Dal Food&Wine all’automotive, entrambi settori di vanto del genio italico, i claim non brillano di originalità: è tutto un orgoglio della tradizione al pari passo dell’innovazione, meglio ancora se in azienda è arrivata la nuova generazione.
Quando invece si parla di persone la situazione cambia un poco, ci si aspetta anche l’intuizione, che è un aspetto tanto importante da cogliere, quanto impossibile da definire. Ma proviamo ad avvicinarci per gradi, l’export manager deve avere con sé tutte le doti che derivano dall’esperienza nel suo settore ovvero la conoscenza dei mercati, la conoscenza del  prodotto, la capacità di leggere i dati e le tendenze… e qui cominciamo a muoverci tra le sabbie mobili, perché se fino a qualche anno fa nel mondo occidentale si scorgevano tendenze nello spazio di anni, da quando il colosso cinese è entrato nelle nostre economie,
i cambiamenti si vedono nei mesi oppure a volte addirittura nelle settimane.

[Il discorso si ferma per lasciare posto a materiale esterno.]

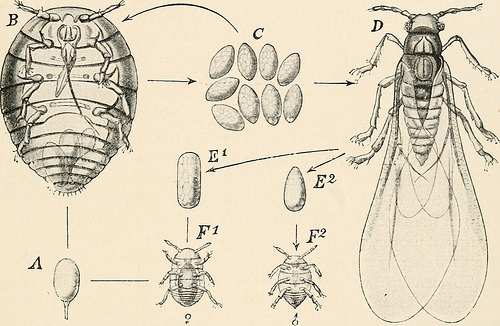 Human origin photo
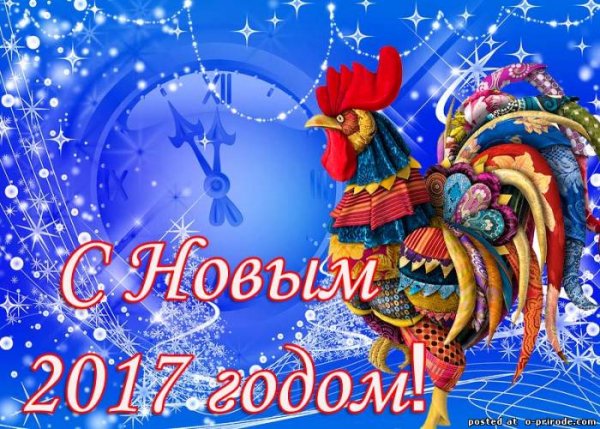 NHKNAXNjRzw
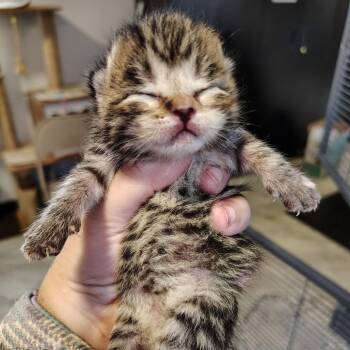 Domestic Short Hair Cats Available for Adoption - Wisteria | PetCurious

Comportamenti per noi occidentali cementificati da secoli vengono sovvertiti in pochissimo tempo, confesso la mia (compiaciuta) sorpresa la settimana scorsa, partecipando a Wine2Wine, di scoprire che il responsabile di acquisto di vino in Cina è donna, giovane per il 52% dei casi. Consumare vino è vissuto come una conquista da parte di una persona culturalmente elevata, con potere d’acquisto e in grado di scegliere per il proprio benessere; così mentre i consumi di vino calano in tutta Europa l’Asia aspetta a braccia aperte di accogliere il meglio delle nostre produzioni.

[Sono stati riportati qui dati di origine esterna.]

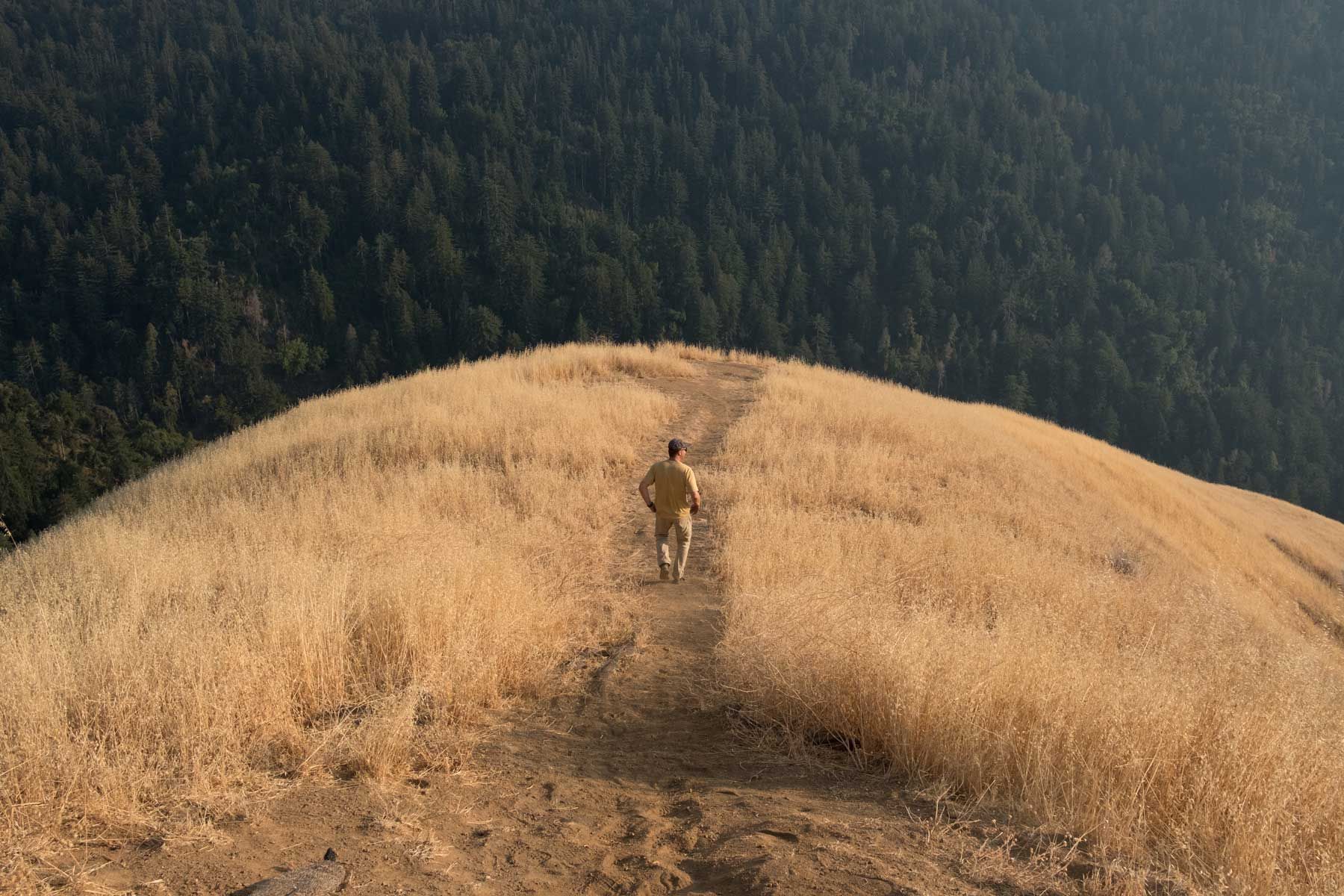 Калифорния штатындағы Биг Сурда шөпті таудың шетінен өтіп бара жатқан адам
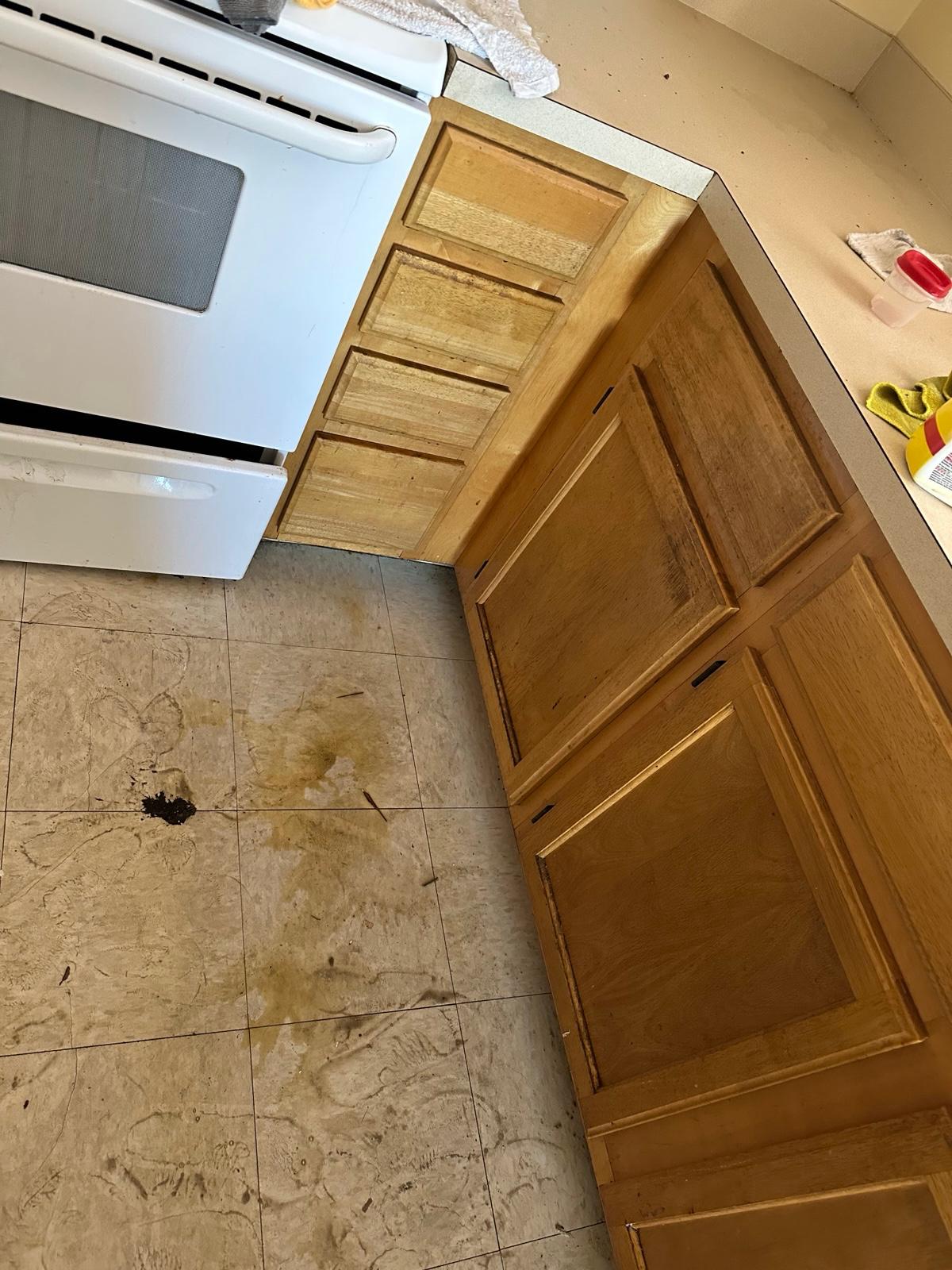 Depois: Cozinha impecável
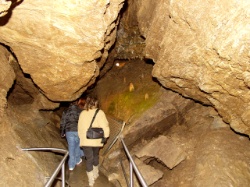 Drachenhöhle Syrau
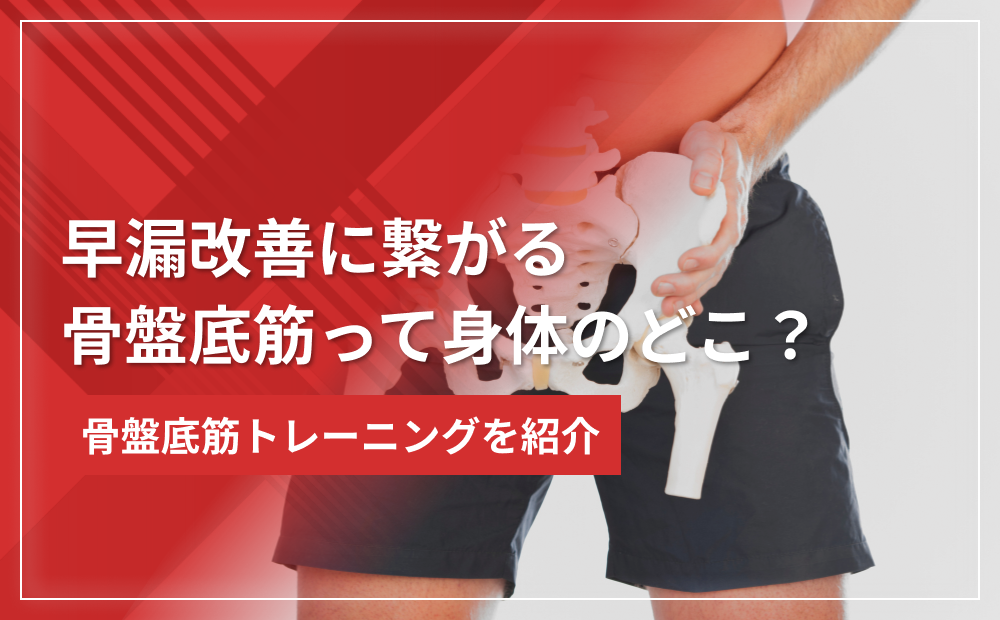 骨盤底筋って身体のどこ?早漏改善に繋がる骨盤底筋トレーニングを紹介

A questo punto l’export manager potrebbe gioire contento, invece capisce che deve incorporare nella propria vita professionale un bagaglio di strumenti in costante, rapidissima evoluzione, che gli consentiranno di rimanere in contatto con i suoi clienti a qualsiasi ora del giorno e della notte (in Cina è sempre giorno!). E poi ancora nascono nuovi criteri di valutazione, è di questi giorni la notizia che i degustatori cinesi creeranno il proprio glossario della degustazione per rapportare le sensazioni olfattive occidentali, alla complessità dei profumi orientali (come mi ha fatto notare qualcuno, per i cinesi l’aggettivo  “fruttato” non dice assolutamente nulla).

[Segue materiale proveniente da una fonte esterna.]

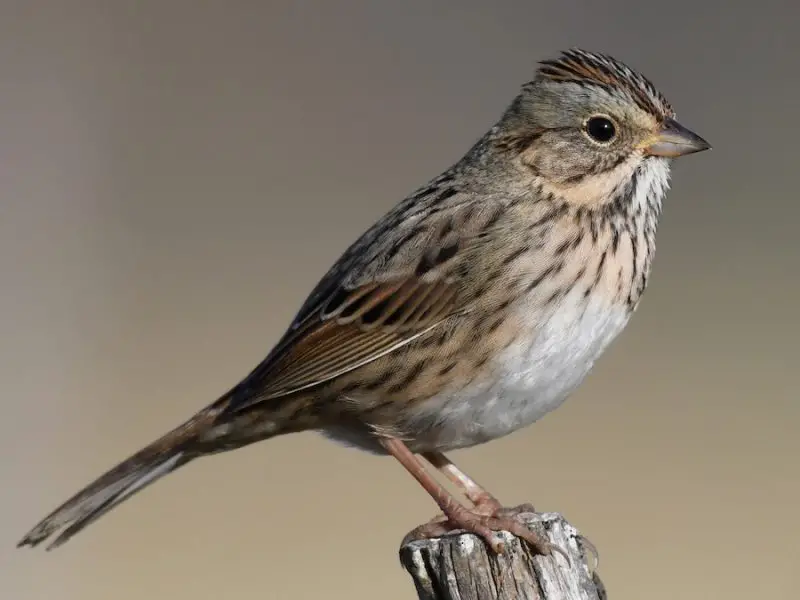 lincolns-sparrow-melospiza-lincolnii-800x600-1 Sparrows in Texas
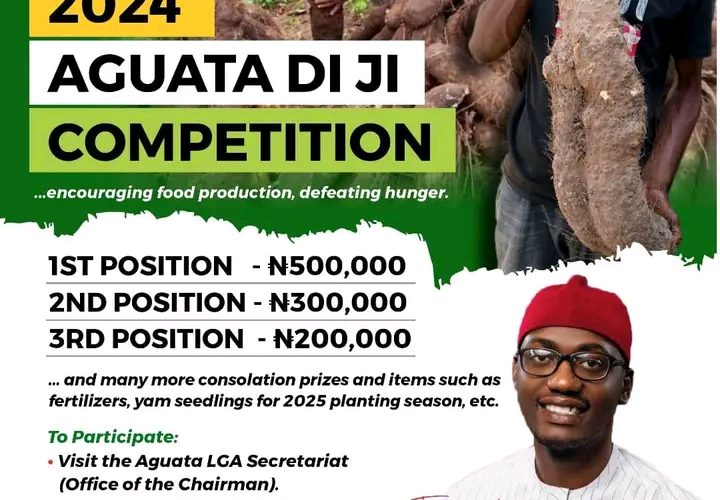 Details as Aguata LGA Launches First-Ever Di Ji Yam Competition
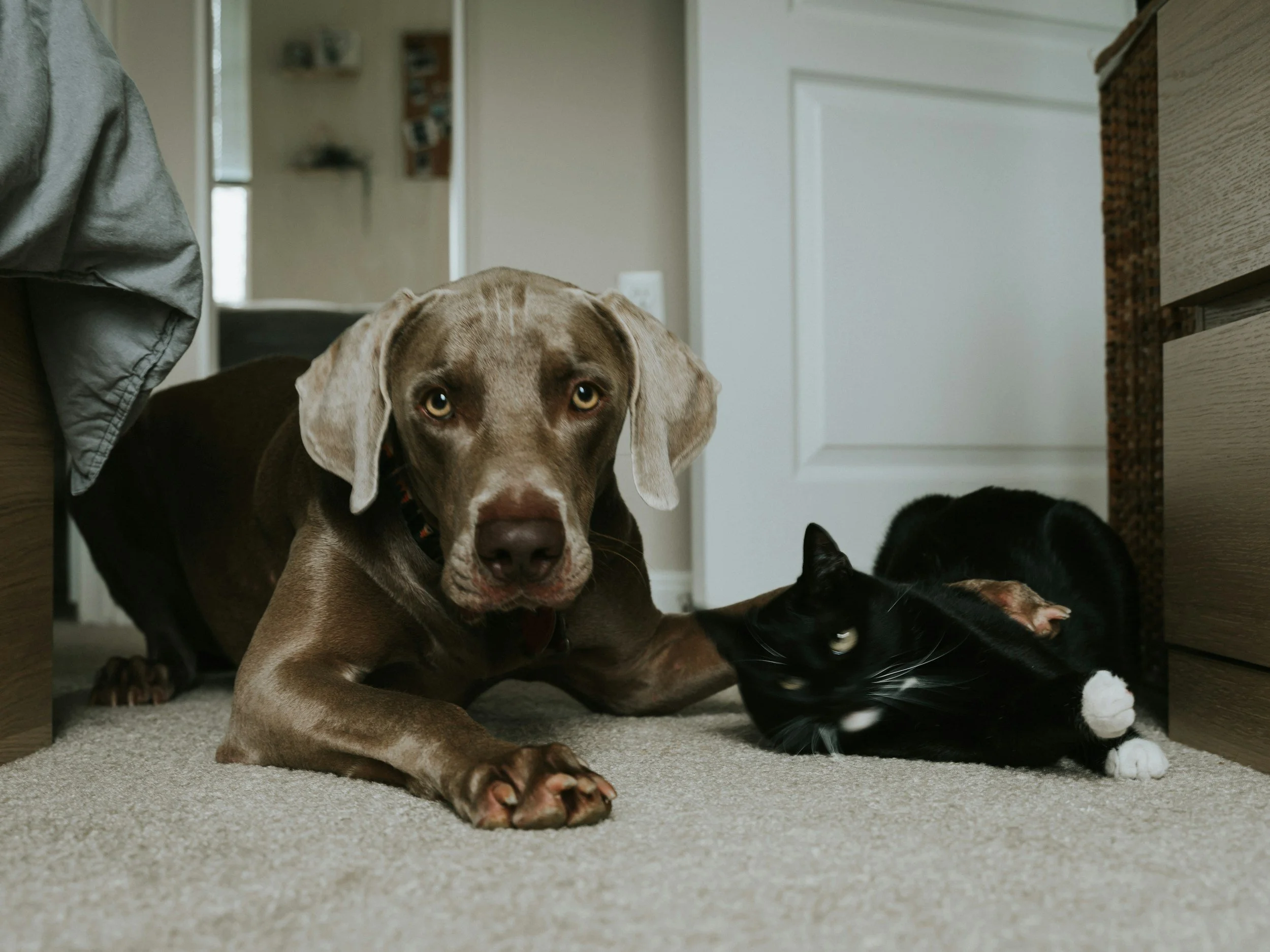A gray and black cat lying on a beige carpet next to a dog with brown and white fur, both under a wooden table, with a blurred background of a room.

A questo punto capisci che l’esperienza accumulata non ti serve come proposta di vendita, bensì a muoverti quotidianamente in una ginepraio di informazioni, dalle quali dovrai estrapolare, filtrare e fare tue solo quelle veramente indispensabili. E che dire dei gusti? Il vino rosso importante ha sempre un certo appeal, ma le tendenze mondiali vanno su spumanti e rosé, dunque le consumatrici cinesi come reagiranno?
Vogliamo parlare di innovazione? Certo, la Cina difende solidamente i propri confini dall’invasione social di Facebook o Instagram, ma se provate ad aggirarvi per l’Oriente senza l’ausilio di WeChat, come minimo siete persone strane; la versione cinese di Whatsapp è attivissima e vi permette di conversare anche con persone che comunicano solo in cinese tramite il traduttore automatico; potete buttare nel cestino i vostri biglietti da visita se volete, il lettore di QR code leggerà il vostro profilo e da quel momento sarete saldamente registrati sul telefono del vostro interlocutore. Se non avete ancora WeChat non preoccupatevi, al primo evento in China, i vostri contatti vi inviteranno cortesemente a provvedere… sempre che non abbiano inventato qualcosa d’altro nel frattempo.